# [Supplied information]
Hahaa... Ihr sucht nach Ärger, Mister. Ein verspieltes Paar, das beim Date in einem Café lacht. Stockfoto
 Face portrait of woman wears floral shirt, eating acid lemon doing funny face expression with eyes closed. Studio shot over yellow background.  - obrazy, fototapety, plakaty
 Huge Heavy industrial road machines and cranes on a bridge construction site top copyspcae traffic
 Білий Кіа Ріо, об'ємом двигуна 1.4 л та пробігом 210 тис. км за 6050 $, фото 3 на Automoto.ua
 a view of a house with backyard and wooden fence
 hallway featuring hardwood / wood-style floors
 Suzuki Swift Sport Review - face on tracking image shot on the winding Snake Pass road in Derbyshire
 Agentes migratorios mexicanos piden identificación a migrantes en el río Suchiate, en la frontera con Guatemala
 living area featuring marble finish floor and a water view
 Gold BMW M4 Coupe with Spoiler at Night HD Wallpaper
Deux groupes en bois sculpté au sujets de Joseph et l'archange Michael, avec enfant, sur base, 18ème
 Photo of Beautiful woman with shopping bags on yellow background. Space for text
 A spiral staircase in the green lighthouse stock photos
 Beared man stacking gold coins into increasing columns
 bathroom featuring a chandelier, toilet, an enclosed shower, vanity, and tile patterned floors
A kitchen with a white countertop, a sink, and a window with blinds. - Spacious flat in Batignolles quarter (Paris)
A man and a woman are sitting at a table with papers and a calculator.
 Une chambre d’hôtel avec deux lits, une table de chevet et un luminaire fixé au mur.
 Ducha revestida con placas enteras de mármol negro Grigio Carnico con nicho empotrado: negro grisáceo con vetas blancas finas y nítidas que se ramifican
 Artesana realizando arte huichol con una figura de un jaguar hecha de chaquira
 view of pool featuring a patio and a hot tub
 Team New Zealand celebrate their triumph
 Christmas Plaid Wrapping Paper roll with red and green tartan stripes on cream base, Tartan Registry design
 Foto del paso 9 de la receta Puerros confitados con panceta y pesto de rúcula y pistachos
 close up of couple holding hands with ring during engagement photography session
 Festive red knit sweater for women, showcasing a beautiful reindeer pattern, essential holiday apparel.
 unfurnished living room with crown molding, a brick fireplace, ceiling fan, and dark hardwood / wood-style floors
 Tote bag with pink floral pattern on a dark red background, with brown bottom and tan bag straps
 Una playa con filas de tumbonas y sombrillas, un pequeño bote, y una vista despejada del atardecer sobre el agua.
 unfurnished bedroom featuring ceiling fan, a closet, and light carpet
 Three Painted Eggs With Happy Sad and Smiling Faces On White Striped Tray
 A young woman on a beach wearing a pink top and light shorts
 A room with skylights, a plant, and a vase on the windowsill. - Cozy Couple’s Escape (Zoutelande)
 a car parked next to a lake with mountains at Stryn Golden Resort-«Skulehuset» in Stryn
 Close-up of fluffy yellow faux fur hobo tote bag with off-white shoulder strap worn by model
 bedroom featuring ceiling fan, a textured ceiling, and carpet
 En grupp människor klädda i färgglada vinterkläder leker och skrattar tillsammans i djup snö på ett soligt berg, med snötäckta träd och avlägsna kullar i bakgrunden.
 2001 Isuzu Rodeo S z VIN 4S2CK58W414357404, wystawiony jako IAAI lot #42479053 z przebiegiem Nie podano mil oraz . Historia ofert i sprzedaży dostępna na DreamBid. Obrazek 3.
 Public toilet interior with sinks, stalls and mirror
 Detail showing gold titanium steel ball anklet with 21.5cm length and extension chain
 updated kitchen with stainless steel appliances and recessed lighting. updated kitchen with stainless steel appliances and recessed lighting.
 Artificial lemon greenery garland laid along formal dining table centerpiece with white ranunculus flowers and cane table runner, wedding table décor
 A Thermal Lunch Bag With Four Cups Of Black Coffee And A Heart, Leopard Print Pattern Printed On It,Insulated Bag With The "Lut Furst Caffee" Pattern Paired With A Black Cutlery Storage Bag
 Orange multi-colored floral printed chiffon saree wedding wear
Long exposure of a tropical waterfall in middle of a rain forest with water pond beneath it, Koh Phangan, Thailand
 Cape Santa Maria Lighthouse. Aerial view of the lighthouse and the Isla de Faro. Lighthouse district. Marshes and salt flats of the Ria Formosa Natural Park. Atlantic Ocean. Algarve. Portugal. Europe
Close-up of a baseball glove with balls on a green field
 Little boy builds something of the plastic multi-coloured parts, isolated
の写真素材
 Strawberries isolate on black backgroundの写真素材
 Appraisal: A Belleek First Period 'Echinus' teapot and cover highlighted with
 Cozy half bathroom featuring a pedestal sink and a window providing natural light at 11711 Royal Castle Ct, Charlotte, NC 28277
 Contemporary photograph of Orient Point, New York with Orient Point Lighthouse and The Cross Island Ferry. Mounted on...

# [Exercise instructions]
Show all lines in the entries above where the string "steel" appears.

# [Response to the task]
 Detail showing gold titanium steel ball anklet with 21.5cm length and extension chain
 updated kitchen with stainless steel appliances and recessed lighting. updated kitchen with stainless steel appliances and recessed lighting.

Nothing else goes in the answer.